A “fragilidade fiscal” e a baixa produtividade são alguns dos principais desafios brasileiros, segundo o economista Gesner Oliveira, sócio executivo da GO Associados. Além da infraestrutura deficiente e da instabilidade política. “Se a gente mantiver o nível atual de endividamento, precisaríamos de superávit primário acima de 4% do PIB”, afirmou, também na primeira parte do evento organizado pela FecomercioSP. O “nível atual” se situa em 79% (relação dívida/PIB), acima da média dos países emergentes (74%) e mais ainda da recomendação do Fundo Monetário Internacional (60%). “Apesar de indicadores razoáveis, a gente está numa situação extremamente problemática”, disse o ex-presidente da Sabesp e do Conselho Administrativo de Defesa Econômica (Cade), e ex-secretário-adjunto de Política Econômica. Um dos aspectos positivos seria o crescente “apetite” por parcerias público-privadas.

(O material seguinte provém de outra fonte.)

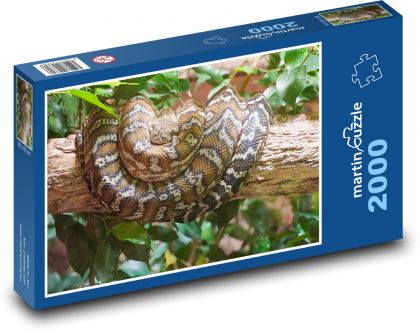 Snake - reptile, animal - Puzzle 2000 pieces, size 90x60 cm 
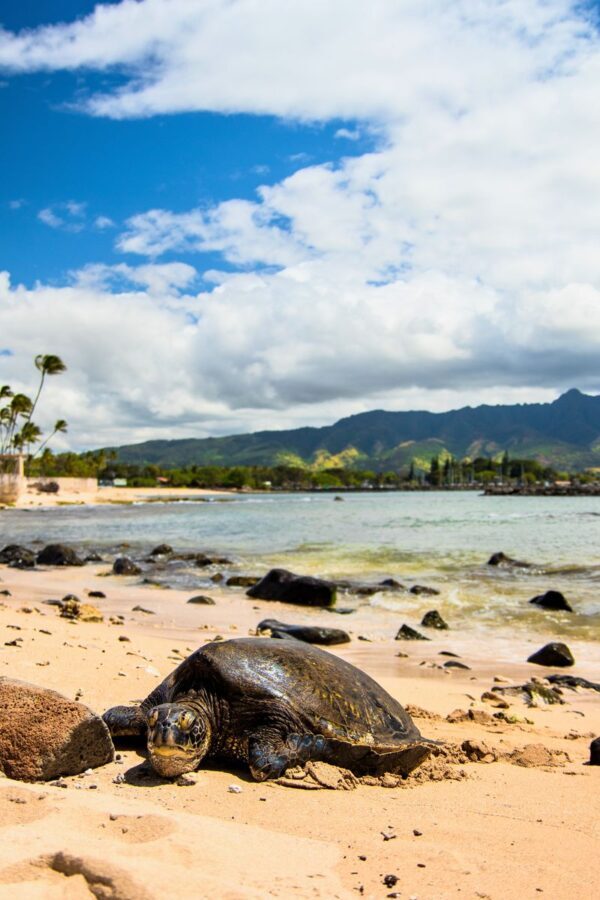 Oahu Circle Island Tour with Malasadas and Garlic Shrimp - Treasures and You, then malasadas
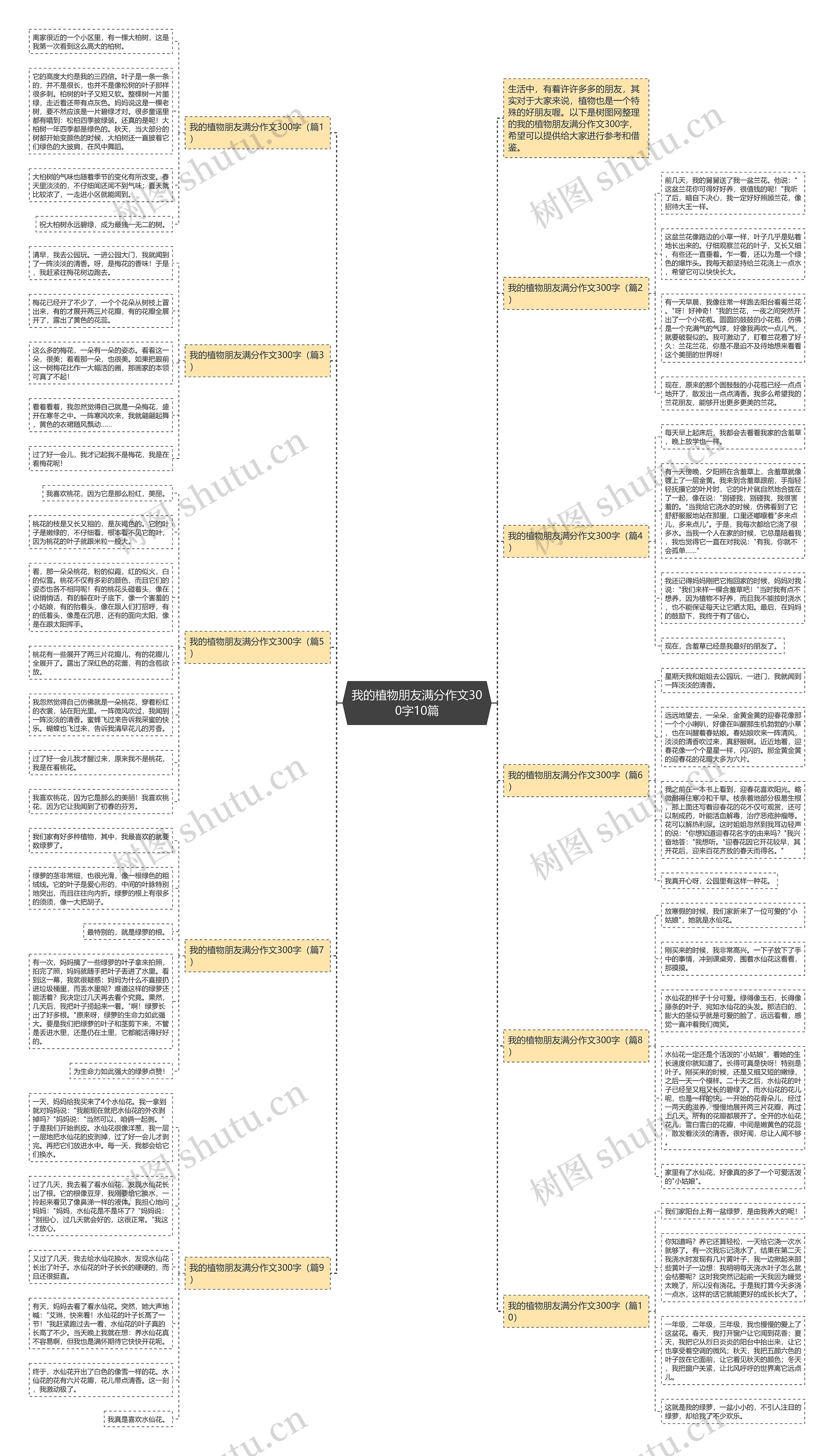 我的植物朋友满分作文300字10篇思维导图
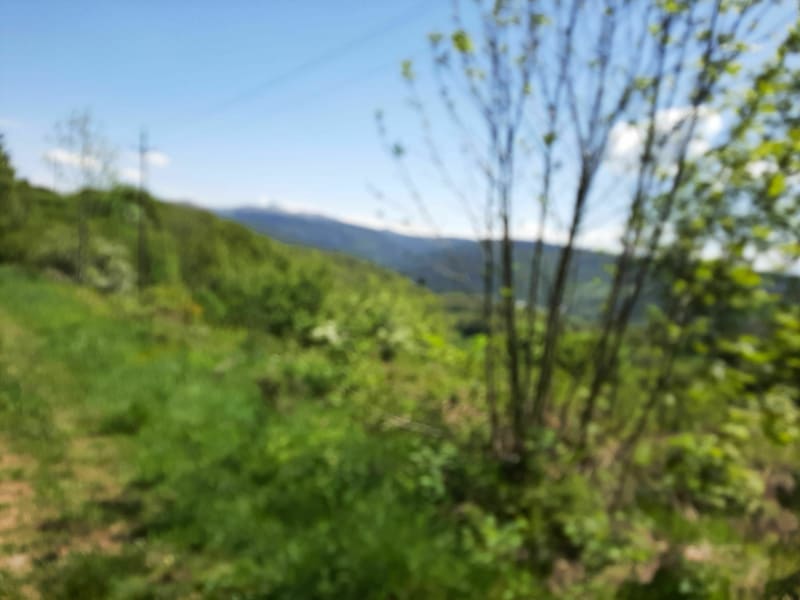 Belle balade à Murat-le-Quaire par le Pré Cohadon - Murat-le-Quaire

Ainda do lado positivo, acrescentou, há um “boom” de investimento privado no país. “Algo que a Faria Lima não se deu conta”, afirmou. São R$ 280 bilhões em valores correntes neste ano, R$ 234,9 bilhões de investimentos privados e R$ 45,1 bilhões de públicos. Para ele, o país precisa de reformas Administrativa e Previdenciária para ontem. No caso do salário mínimo, a correção integral pela inflação poderia ser mantida, mas com regra básica alinhada a ganhos de produtividade. Ele também defendeu reforma do Poder Judiciário, que chamou de “o mais caro do mundo”, com custo equivalente a 1,5% do PIB. Apenas a “convergência” aos emergentes (0,5% do PIB), sustentou, já traria efeitos positivos à economia.